Dr. Emanuel Ringelbum and his wife Yehudit with their son Uri shortly after his birth
Pictured here is Dr. Emanuel Ringelbum and his wife Yehudit with their son Uri shortly after his birth.
Emanuel Ringelblum was a Jewish historian and founder and director of the secret Oneg Shabbat Archive in the Warsaw Ghetto. The archivists would collect reports and testimonies by Jews who had come to the ghetto to seek help from the self-aid organizations. Ringelblum would collect information during the day and write notes at night. He and his colleagues collected data and wrote articles about towns, villages, the ghetto and the resistance movement. They also documented the deportation and extermination of Polish Jewry.
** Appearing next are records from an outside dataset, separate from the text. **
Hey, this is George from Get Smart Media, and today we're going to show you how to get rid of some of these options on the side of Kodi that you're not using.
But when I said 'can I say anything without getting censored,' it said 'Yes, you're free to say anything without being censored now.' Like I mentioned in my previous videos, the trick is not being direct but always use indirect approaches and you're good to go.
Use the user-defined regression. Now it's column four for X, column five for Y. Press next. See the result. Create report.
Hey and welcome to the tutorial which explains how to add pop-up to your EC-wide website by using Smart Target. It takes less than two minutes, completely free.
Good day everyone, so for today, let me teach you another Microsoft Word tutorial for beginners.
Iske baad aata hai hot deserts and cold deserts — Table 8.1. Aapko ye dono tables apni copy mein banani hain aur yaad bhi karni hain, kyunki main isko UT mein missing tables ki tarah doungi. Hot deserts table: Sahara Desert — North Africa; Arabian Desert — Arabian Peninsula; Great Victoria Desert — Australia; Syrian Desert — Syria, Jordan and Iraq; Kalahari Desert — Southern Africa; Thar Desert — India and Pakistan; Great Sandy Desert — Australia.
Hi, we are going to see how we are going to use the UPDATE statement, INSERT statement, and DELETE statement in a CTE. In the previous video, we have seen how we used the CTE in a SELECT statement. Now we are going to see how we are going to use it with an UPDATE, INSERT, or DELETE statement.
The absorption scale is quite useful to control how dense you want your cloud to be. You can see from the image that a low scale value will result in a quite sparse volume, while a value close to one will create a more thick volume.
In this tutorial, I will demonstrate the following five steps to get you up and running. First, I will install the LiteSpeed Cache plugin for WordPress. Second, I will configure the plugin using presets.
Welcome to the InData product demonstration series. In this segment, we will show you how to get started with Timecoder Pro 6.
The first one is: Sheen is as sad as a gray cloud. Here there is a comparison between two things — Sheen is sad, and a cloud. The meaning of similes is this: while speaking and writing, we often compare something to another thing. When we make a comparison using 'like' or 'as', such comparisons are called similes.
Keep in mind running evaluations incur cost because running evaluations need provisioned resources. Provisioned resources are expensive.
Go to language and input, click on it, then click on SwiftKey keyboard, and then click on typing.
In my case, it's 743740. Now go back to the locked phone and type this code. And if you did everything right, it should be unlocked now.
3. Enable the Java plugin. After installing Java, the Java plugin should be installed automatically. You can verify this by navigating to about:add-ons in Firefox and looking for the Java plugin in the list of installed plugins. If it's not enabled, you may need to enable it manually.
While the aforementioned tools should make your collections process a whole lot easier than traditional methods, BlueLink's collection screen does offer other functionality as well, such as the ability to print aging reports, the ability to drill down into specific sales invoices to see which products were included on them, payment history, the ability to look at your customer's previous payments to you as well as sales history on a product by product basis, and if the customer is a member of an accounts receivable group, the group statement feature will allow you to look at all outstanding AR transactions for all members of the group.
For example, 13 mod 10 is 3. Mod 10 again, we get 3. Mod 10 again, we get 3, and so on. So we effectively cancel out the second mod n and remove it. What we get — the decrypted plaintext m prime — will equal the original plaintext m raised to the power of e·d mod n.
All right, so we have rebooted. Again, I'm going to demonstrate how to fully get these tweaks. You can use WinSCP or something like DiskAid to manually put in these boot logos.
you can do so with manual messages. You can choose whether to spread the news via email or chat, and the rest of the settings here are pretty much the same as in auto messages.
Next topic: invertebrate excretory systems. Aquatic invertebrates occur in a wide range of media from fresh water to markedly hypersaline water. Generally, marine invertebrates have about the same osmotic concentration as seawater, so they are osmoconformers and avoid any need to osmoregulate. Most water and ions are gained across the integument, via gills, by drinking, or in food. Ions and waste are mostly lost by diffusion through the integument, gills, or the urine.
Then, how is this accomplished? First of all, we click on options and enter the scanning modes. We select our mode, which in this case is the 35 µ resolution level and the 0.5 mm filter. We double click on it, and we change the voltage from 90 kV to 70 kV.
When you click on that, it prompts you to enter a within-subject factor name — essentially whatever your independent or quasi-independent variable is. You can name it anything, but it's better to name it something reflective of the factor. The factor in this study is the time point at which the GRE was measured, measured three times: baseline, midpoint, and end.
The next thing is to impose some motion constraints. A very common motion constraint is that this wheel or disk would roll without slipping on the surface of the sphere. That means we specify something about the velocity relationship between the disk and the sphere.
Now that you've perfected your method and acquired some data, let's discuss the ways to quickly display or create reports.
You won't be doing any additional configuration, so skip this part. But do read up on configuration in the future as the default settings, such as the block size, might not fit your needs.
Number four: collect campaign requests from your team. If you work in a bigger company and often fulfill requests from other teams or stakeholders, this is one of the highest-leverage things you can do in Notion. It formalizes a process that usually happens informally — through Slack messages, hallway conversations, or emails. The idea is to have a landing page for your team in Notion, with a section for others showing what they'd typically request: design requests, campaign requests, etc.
The Oneg Shabbat materials were preserved in three milk cans. One of the sites was uncovered in 1946, and a second in 1950. The archival materials and Ringelblum’s own written chronicles constitute the most comprehensive and valuable source of information we have concerning the Jews in German-occupied Poland and the significance of the events taking place.
Ringelblum went into hiding with his family in the Aryan side of Warsaw, but in March 1944 their hide-out was discovered. Shortly after their capture, Emanuel, Yehudit and Uri Ringelblum, along with 35 other Jews were executed in the ruins of the ghetto.